Not that there are any regrets for either player. First of all, there is the obvious — Johnson and Telfair are still playing in the NBA, with 10-plus-year careers in sight. However, both players learned invaluable lessons early in their careers.

Johnson consistent­ly mentions Rasheed Wallace and Ben Wallace, who starred in Detroit when Johnson was a young player, as mentors. He spent lots of time in the D-League since minutes with the Pistons were scarce, but he says the league helped him grow tremendous­ly.

On the surface, Telfair’s would be an example that proves there is some merit to the insistence on a year of college. For all of his gifts with the ball, he has never de- veloped a jump shot, connecting just 39% from the floor for his career. Accordingl­y, he has now bounced around the league, playing for eight different teams.

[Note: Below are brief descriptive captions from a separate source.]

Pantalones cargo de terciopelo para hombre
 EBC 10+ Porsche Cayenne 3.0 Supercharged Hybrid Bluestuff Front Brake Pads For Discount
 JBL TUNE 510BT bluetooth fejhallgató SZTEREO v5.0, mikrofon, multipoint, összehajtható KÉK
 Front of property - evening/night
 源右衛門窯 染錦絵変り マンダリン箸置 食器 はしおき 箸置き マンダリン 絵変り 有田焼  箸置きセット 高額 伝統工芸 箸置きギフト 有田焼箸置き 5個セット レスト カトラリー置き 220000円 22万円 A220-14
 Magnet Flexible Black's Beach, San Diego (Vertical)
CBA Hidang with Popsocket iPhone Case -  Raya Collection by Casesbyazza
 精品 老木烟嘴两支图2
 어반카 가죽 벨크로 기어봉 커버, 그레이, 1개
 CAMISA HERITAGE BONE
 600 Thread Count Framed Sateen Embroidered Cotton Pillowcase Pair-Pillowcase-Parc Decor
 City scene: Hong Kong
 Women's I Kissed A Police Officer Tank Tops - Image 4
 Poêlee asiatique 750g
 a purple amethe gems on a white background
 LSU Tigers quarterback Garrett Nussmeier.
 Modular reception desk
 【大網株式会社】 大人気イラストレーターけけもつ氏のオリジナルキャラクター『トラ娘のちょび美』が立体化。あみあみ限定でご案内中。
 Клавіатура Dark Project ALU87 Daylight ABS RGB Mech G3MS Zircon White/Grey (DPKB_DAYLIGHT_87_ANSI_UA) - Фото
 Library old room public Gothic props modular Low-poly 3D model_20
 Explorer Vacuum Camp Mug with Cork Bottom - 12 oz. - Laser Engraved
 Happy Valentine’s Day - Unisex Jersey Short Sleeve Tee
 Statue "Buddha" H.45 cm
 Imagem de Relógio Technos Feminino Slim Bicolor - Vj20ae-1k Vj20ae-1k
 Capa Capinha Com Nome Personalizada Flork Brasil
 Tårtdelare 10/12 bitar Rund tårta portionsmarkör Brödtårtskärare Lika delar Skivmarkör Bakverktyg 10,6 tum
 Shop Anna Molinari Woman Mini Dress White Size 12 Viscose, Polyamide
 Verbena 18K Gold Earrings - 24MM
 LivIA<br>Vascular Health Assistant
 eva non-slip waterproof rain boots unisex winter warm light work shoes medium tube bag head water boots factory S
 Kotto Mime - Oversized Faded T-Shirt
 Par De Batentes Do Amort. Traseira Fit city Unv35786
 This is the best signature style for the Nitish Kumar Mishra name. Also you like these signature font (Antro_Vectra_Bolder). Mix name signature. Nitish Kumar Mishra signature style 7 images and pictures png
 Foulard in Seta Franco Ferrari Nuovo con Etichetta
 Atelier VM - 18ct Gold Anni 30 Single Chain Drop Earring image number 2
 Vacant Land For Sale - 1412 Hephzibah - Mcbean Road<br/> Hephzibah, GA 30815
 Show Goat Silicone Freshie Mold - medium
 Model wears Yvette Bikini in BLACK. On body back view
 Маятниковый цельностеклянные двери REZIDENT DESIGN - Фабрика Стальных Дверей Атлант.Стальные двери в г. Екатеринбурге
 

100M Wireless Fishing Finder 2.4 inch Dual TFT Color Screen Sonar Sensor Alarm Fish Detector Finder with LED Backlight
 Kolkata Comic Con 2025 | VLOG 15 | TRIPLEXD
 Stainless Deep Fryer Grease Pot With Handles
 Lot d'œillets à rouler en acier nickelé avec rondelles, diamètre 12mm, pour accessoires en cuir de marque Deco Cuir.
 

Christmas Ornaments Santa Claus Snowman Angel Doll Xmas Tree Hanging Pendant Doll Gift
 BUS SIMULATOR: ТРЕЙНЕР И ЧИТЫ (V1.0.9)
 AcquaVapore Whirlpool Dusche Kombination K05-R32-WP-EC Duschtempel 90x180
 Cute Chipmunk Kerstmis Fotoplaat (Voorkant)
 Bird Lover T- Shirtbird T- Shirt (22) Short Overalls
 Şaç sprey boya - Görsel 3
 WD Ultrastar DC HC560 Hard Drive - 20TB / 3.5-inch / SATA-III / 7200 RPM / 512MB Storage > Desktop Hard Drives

“I definitely don’t regret it in any kind of way,” Telfair said. “I wish I could go back and have that experience, because I know, the older that I get, that experience­s mean a lot. They define who you are at the end of the day. But I know a couple of guys who were in my same position who went to school and never got to the NBA. I’m here, and this is the ultimate goal, no matter what route you take, especially if you’ve played as long as I’ve been playing.”

That brings up the expected question: Does the NBA have any right to insist players wait a year before declaring for the draft? We are long past the point of thinking the league was doing this for selfless reasons: Of those eight highschool players taken in the first round in 2004, seven are still in the league, with four playing huge roles for their teams.

Johnson, meanwhile, is one of five high-school players who slipped to the second round in 2005 but are still in the league, joining C.J. Miles, Lou Williams, Andray Blatche and Monta Ellis. Blatche has had a turbulent career, but he is still getting paid.

“The rule shouldn’t exist,” Telfair said. “I think if a kid feels that he has the talent, and that’s what he wants to do, playing in the pros, it’s up to the NBA teams to draft him or not. The kid can’t make a team draft him. I don’t think it’s fair, especially with all of the sports where kids are coming in much earlier. If a kid has an opportunit­y to go out and work, I think he should be able to … do that no matter what the outcome is. You’re not protecting anybody from anything.”